Role of hypoxic response in tumor progression and metastasis
Research Interests: Hypoxic microenvironments are frequently found in solid tumors as a result of an imbalance between oxygen supply and consumption. Tumor hypoxia is a major therapeutic concern since it reduces the effectiveness of radiotherapy and some oxygen-dependent cytotoxic agents. More recently, hypoxia has been shown to be a driving force for malignant progression by hypoxia-inducible factor (HIF)-mediated activation of angiogenesis, anaerobic metabolism, and other processes that enable tumor cells to survive or escape their oxygen-deficient environment. Since this pathway operates in almost all solid malignancies, understanding the function and regulation of HIF will have a broad impact on cancer biology.
Transcriptional responses to hypoxia are primarily mediated by hypoxia inducible factors (HIFs), HIF-1a and HIF-2a. HIF-1a and HIF-2a exhibit several important similarities, however, there is growing evidence indicating that the individual contributions of HIF-1a and HIF-2a in tumor progression are different. To distinguish the role of HIF-1aand HIF-2a in cancer progression, our work has been focusing on these specific areas:
- What are the unique and common target genes of HIF-1a and HIF-2a?
- What is the individual role of HIF-1a and HIF-2a in cancer progression?
- What are the factors controlling HIF transcriptional activity?
We have completed target gene studies, which demonstrated that HIF-1a and HIF-2a have their unique targets (Hu et al., 2003). For example, glycolytic genes are exclusively activated by HIF-1a while HIF-2a uniquely regulates genes involved in angiogenesis (VEGF), cell proliferation (cyclin D1, PDGF, and TGFa) and extracellular matrix metabolism (MMP-2 and PAI-1). These studies suggest a critical role of HIF-2a in tumor progression and metastasis. We are currently deleting or over-expressing HIF-2a in mouse strains that have head-and-neck cancers to investigate the roles of HIF in tumor progression and metastasis.

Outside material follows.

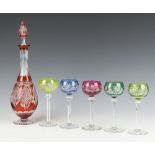 A Val St Lambert pear shaped liqueur decanter 34cm and 5 small multi coloured liqueur glasses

We determined that HIF-1a and HIF-2a require distinct transcriptional cofactors for their transcriptional activity (Hu et al., 2006). We are investigating the factors that are required for general or promoter-specific transcriptional activity of HIF-1a and HIF-2a. Understanding the interactions between HIF and its cofactors will lay down a foundation to specifically block HIF general transcritpional activity or HIF's regulation of a particular gene.